Puluhan Hektar Tanaman Cabai Gagal Panen

Petani di Kecamatan Ngluyu yang terpaksa mencabut tanaman cabai yang mati akibat megering.

Petani di Kecamatan Ngluyu yang terpaksa mencabut tanaman cabai yang mati akibat megering.

Nganjuk, Bhirawa
Akibat cuaca yang cukup panas dan minimnya pengairan, puluhan hektar tanaman cabai gagal panen. Di wilayah Kecamatan Ngluyu dan Kecamatan Jatikalen, petani terpaksa harus mencabuti tanaman cabe miliknya karena mengering.
Lebih dari dua bulan petani cabai kesulitan mencari air untuk menyirami tanaman cabai mereka. Upaya pengairan tidak bisa dilakukan karena tidak ada air di dekat lahan milik petani. Bahkan sungai dan waduk tadah hujan yang berada dekat dengan lahan persawahan, kondisinya sudah mengering.
Di wilayah Kecamatan Nglutu, tanaman cabai yang rata-rata berumur 40 hari mengering.

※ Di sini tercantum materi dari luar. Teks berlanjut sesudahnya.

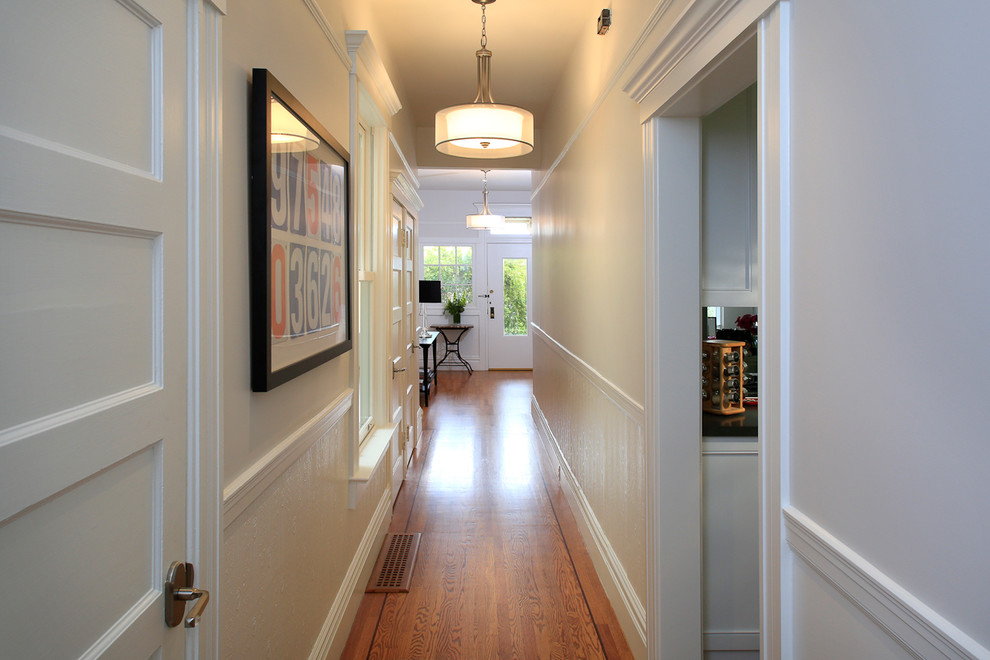 Example of a mid-sized transitional medium tone wood floor hallway design in San Francisco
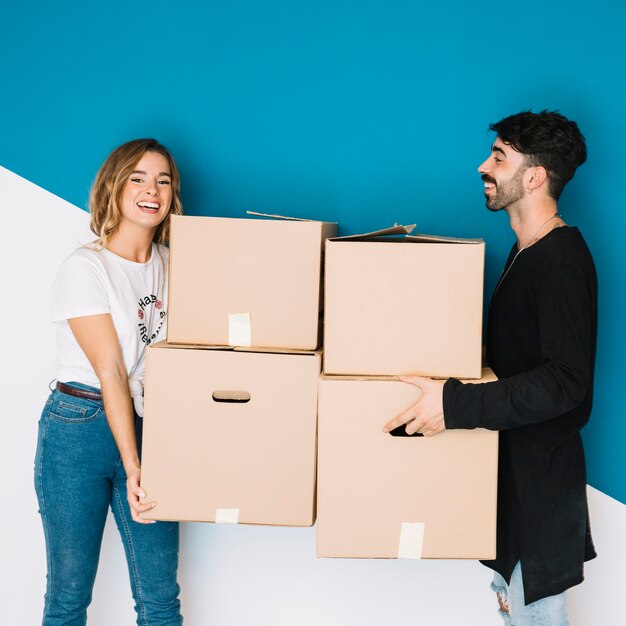 Young couple moving to new flat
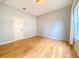 Comfortable bedroom with light walls, hardwood floors, and ample natural light at 1312 E 19Th Ave, Tampa, FL 33605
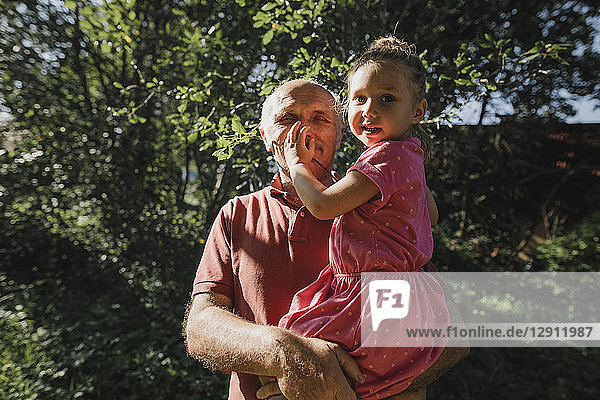 Grandfather carrying granddaughter in garden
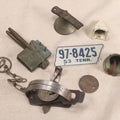 Lot 238 - Grouping Of Seven Vintage Mixed Metal Items Including Oneida Jump Animal Trap No. 1 By Animal Trap Co., Lititz, Pennsylvania, Perko Marine Fitting, Fonda Del Corro Key Tag, And More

Kondisi terparah ada di Desa Tempuran yang luas lahan tanaman cabai mencpai empat hektar lahan.
Saripudin, petani cabai asal Desa Tempuran, Ngluyu menerangkan, matinya tanaman cabai ini berawal dari daun tanaman cabai rawit yang mengering terlebih dahulu lalu merembet ke buah dan batang cabe hingga akhirnya mati. Sekitar satu hektar tanaman cabai milik Saripudin mati. Akibatnya, Saripudin harus menanggung kerugian hingga Rp 20 juta.  ”Akibat dari kurang air, tanaman cabai saya mati semua. Saya hanya bisa pasrah saja mas sudah rugi banyak,” ujar Saripudin kepada Bhirawa, Kamis (20/8).
Lebih lanjut Saripudin berharap ada perhatian khusus dari Pemerintah Kabupaten Nganjuk untuk mengatasi kekeringan tersebut. Saripudin berharap, pemkab Nganjuk bias memberikan solusi dari penderitaan para petani. “Semoga Pemerintah bisa mengatasi kekeringan, supaya para petani di tahun depan tidak mengalami gagal panen lagi,” harap Saripudin.

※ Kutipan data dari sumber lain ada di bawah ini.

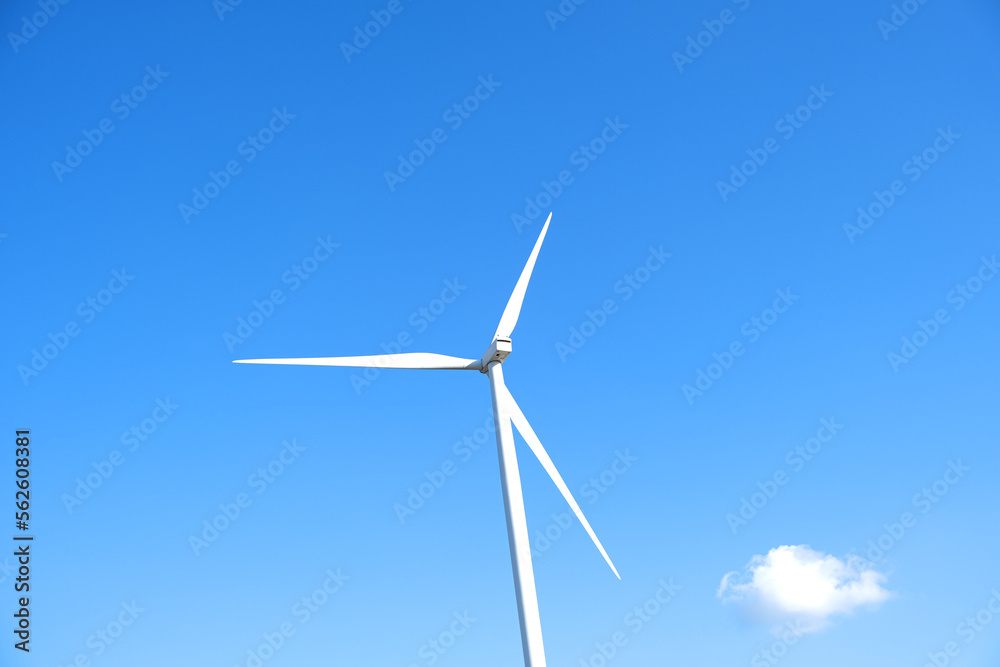 Wind farm on the mountain. Lonely windmill on a beautiful sunny day. Wind energy concept, alternative energy, renewable energy Wind farm on the mountain. Lonely windmill on a beautiful sunny day. Wind energy concept, alternative energy, renewable energy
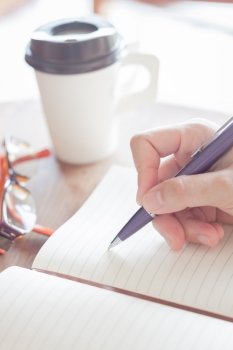 Woman writing a plan on notebook, stock photo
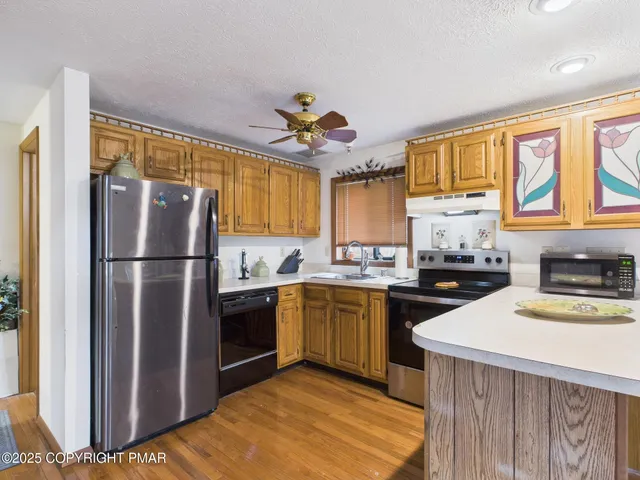 a kitchen with a refrigerator wooden floor and a sink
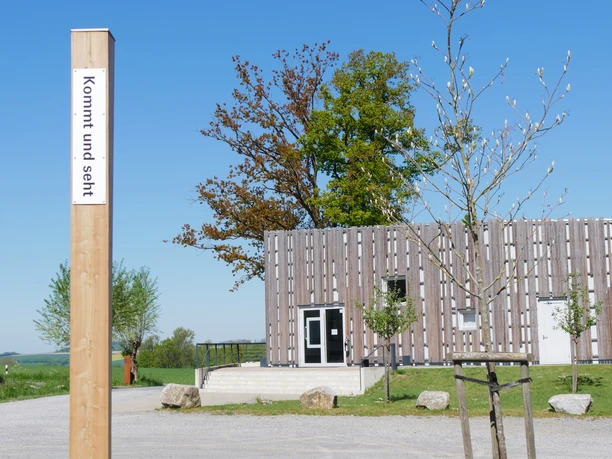 Ein hölzerner Pfahl mit der Aufschrift "kommt und seht" vor modernem Gebäude auf Schotterplatz.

Sementara itu, Ninuk Suwartiningsih, perangkat desa setempat mengatakan pemerintah desa akan berusaha untuk memita bnatuan kepada pihak Dinas Pertanian dan Badan Penanggulangan Bencana Daerah (BPBD)  untuk segera mengatasi kekeringan.

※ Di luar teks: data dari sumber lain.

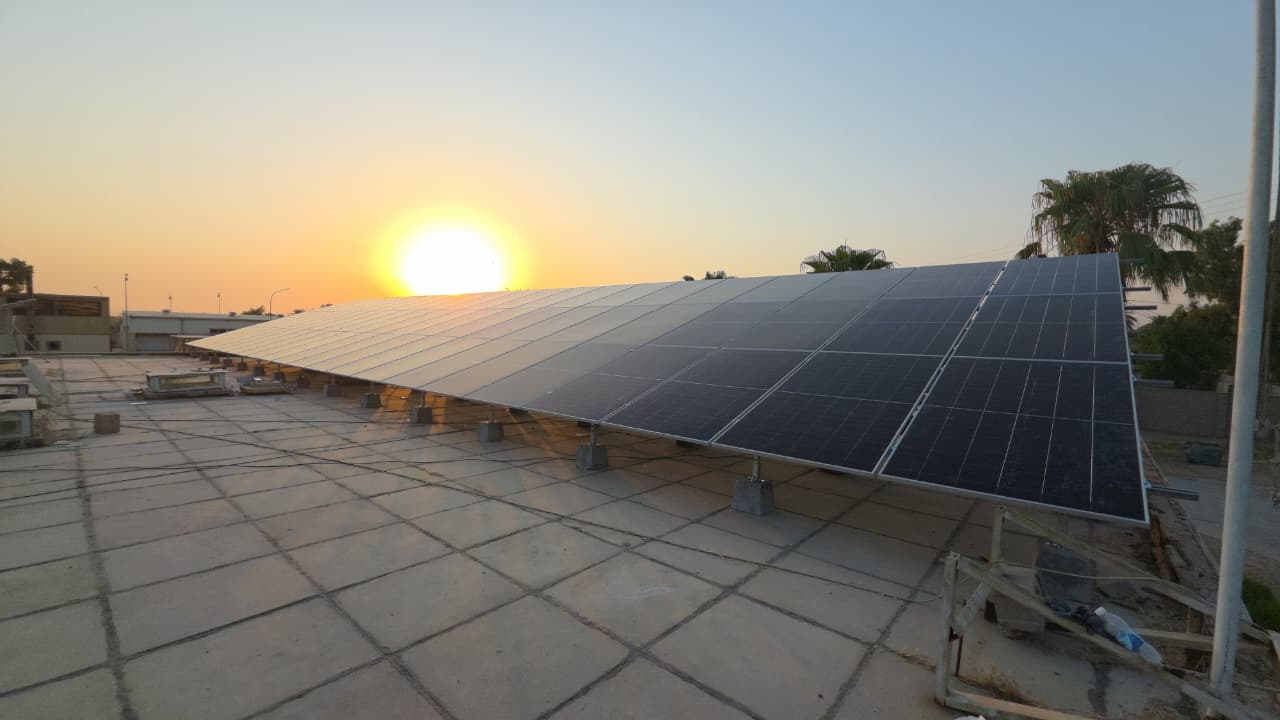 Sunset over the solar array at the General Company for Food Stuff Trading site in Al-Taji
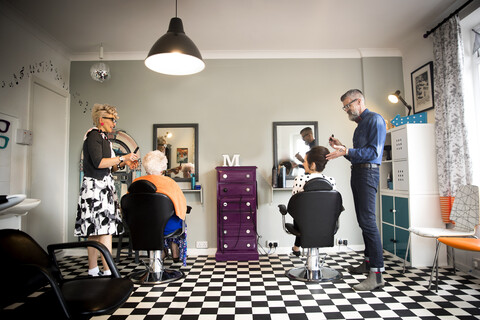 Ehepaar in Vintage-Kleidung bei der Arbeit an Kunden in einem skurrilen Friseursalon, lizenzfreies Stockfoto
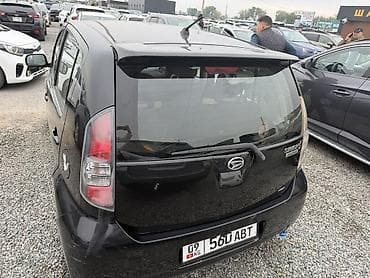 обмен на 5 5: Daihatsu Sirion: 2009 г., 1.2 л, Автомат, Бензин — 3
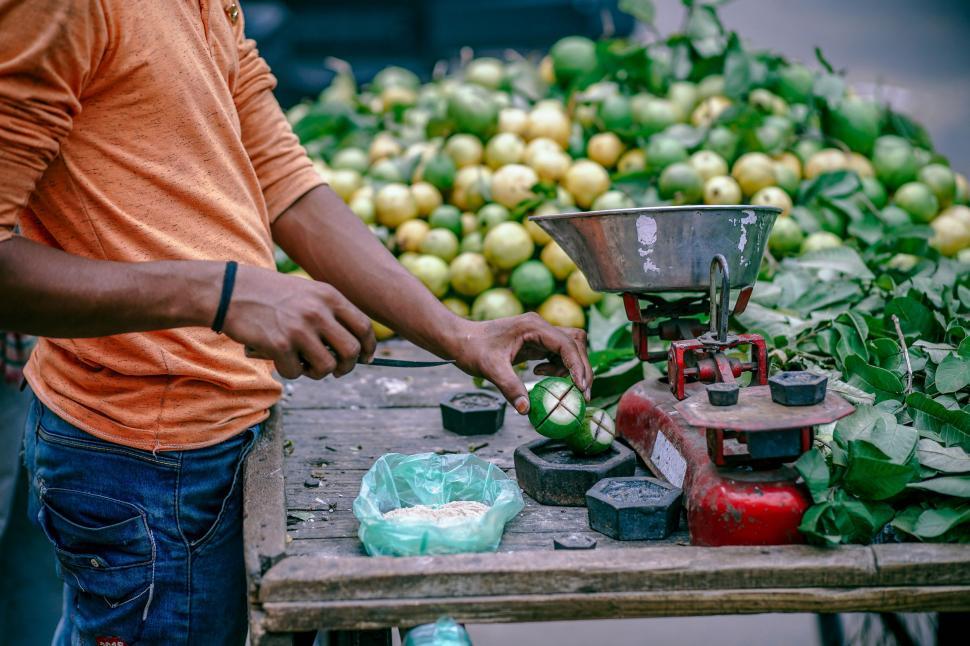 Free Image of Man Standing Next to Table Filled With Fruit 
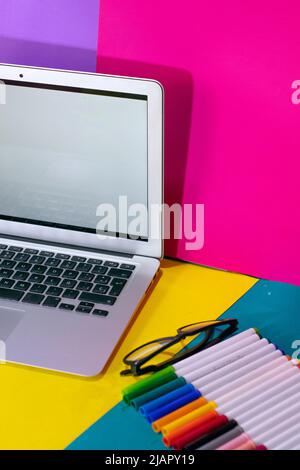 Schreibtisch mit Laptop und Markierungen auf farbidem Hintergrund Stockfoto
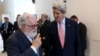 European Union Climate Commissioner Miguel Arias Canete (L) welcomes US Secretary of State John Kerry for talks to reduce hydrofluorocarbons under the Montreal Protocol at Vienna International Center in Vienna, Austria, July 22, 2016.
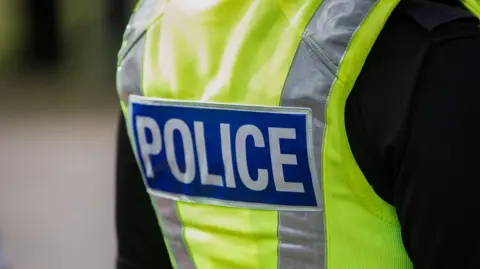 A zoom in of a police officer wearing a high-vis vest. It says "Police" on the back. 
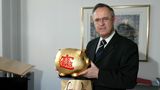Der ehemalige Bundesfinanzminister Hans Eichel hält in seinem Büro ein großes Sparschwein in der Hand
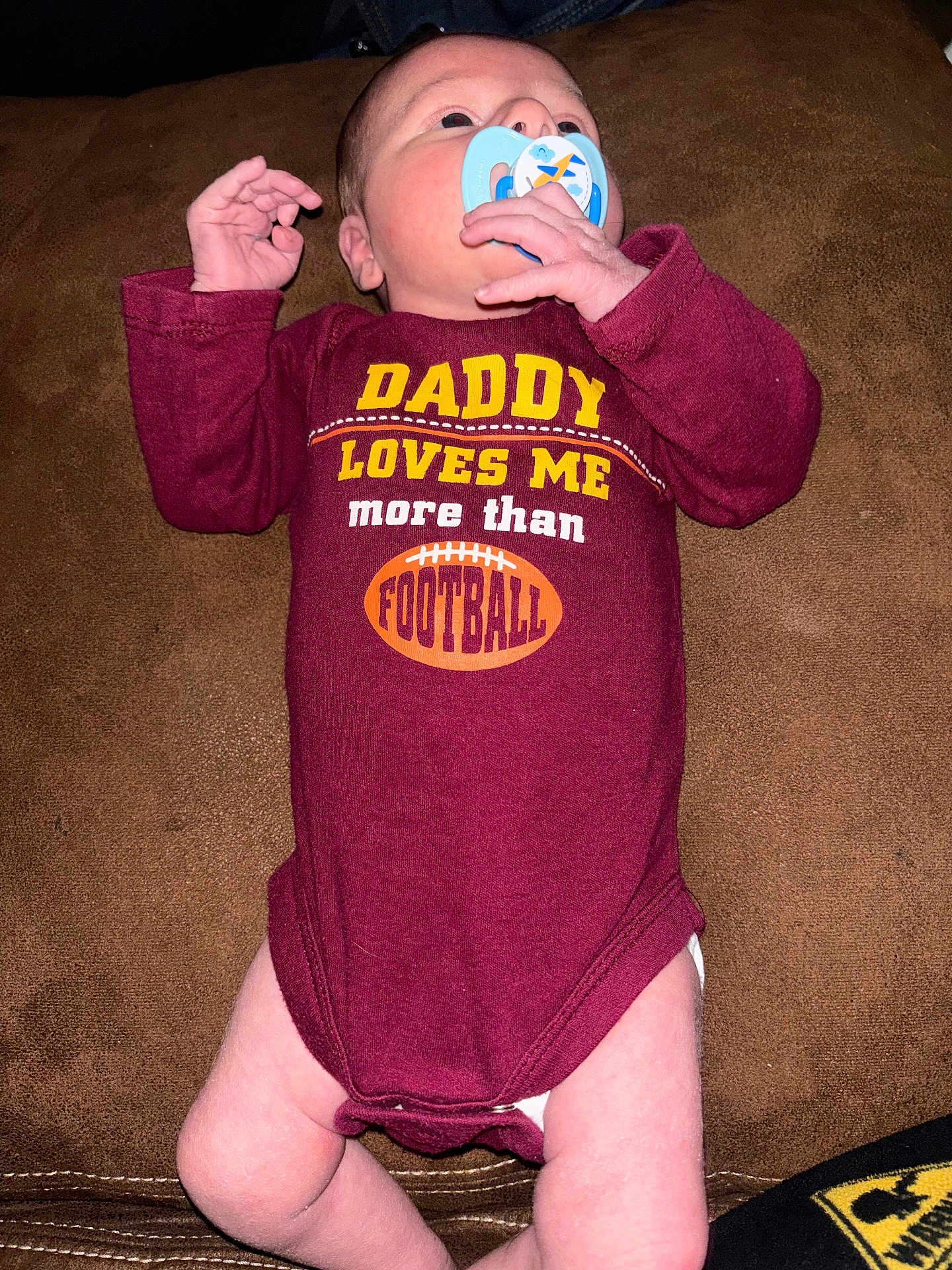 Bobby is registered to the contest to win money with this photo: baby, infant, newborn, pacifier, onesie, maroon_clothing, slogan_on_clothing, text_on_shirt, football_graphic, lying_down, couch, sofa, hand, legs, skin, portrait, closeup, cute, indoor, parental_message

Kondisi serupa juga dialami petani cabai di wilayah Kecamatan Jatikalen, bahkan bukan saja akibat kekeringan, hama ulat juga semakin memperparah kondisi tanaman cabai. “Selain tanaman kering, ada tanaman cabai yang bertahan justru dimakan hama ulat,” keluh Suyanto, petani Desa Perning, Jatikalen.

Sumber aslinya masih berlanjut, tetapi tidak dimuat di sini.